What is needed →
Take the entries that follow and return exactly the lines from the one holding "See CDA Documents: Building" through the one holding "This allows you", both included. Nothing else is needed.

Material supplied →
-------

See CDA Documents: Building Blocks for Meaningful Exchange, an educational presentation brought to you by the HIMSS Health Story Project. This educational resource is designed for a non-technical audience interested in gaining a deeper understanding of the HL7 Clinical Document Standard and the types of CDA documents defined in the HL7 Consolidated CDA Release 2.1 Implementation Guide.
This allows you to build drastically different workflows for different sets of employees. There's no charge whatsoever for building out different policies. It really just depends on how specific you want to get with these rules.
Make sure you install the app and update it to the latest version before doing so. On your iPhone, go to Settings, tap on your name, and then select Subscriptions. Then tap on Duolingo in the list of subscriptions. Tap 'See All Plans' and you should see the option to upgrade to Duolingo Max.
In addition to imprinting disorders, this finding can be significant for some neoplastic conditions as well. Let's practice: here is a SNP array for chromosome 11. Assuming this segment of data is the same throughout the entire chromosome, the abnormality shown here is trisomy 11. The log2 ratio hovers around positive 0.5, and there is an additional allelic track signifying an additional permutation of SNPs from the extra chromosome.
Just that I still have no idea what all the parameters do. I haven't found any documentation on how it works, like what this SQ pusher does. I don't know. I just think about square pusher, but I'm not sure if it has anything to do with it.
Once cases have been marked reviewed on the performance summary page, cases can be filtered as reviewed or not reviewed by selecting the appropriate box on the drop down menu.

-------

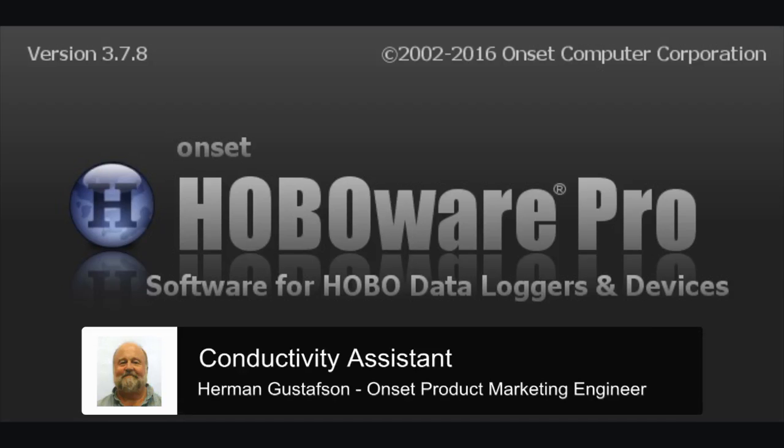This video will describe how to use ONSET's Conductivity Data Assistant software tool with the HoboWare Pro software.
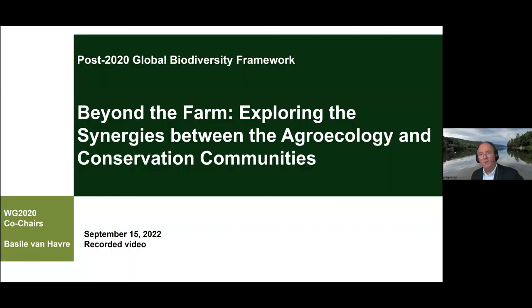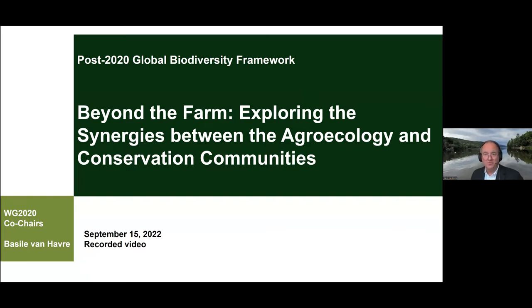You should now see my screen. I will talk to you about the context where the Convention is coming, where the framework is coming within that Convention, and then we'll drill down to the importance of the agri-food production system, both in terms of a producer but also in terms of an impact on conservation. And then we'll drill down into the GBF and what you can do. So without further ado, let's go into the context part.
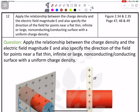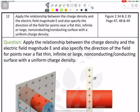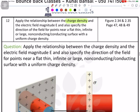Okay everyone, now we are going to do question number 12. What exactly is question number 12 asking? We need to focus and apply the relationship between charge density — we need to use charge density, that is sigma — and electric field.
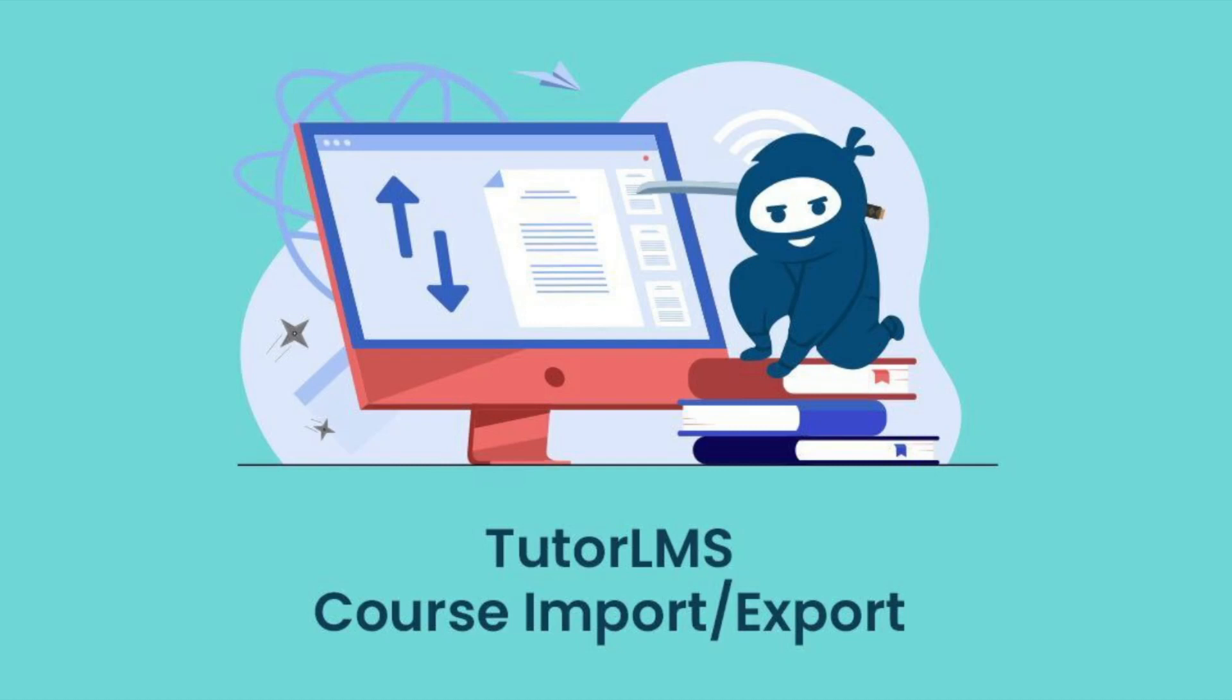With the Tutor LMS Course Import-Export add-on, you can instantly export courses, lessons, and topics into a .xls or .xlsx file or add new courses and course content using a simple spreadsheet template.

-------

Problem solution →
See CDA Documents: Building Blocks for Meaningful Exchange, an educational presentation brought to you by the HIMSS Health Story Project. This educational resource is designed for a non-technical audience interested in gaining a deeper understanding of the HL7 Clinical Document Standard and the types of CDA documents defined in the HL7 Consolidated CDA Release 2.1 Implementation Guide.
This allows you to build drastically different workflows for different sets of employees. There's no charge whatsoever for building out different policies. It really just depends on how specific you want to get with these rules.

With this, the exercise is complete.